TASK REQUIREMENTS:
Scan the listing for the word "Wood" and give the number of lines where it appears, with no other text.

Start of RECORD SET

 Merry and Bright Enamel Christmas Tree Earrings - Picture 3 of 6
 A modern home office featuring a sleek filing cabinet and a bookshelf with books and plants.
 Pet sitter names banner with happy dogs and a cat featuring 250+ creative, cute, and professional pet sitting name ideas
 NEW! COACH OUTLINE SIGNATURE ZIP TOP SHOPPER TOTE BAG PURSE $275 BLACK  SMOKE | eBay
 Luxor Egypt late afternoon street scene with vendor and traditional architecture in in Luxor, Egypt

End of RECORD SET
Start of RECORD SET

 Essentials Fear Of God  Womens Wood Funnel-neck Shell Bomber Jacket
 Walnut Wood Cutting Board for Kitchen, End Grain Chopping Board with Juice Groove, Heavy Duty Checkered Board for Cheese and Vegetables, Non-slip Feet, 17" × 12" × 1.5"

End of RECORD SET

REPLY TO THE TASK:
2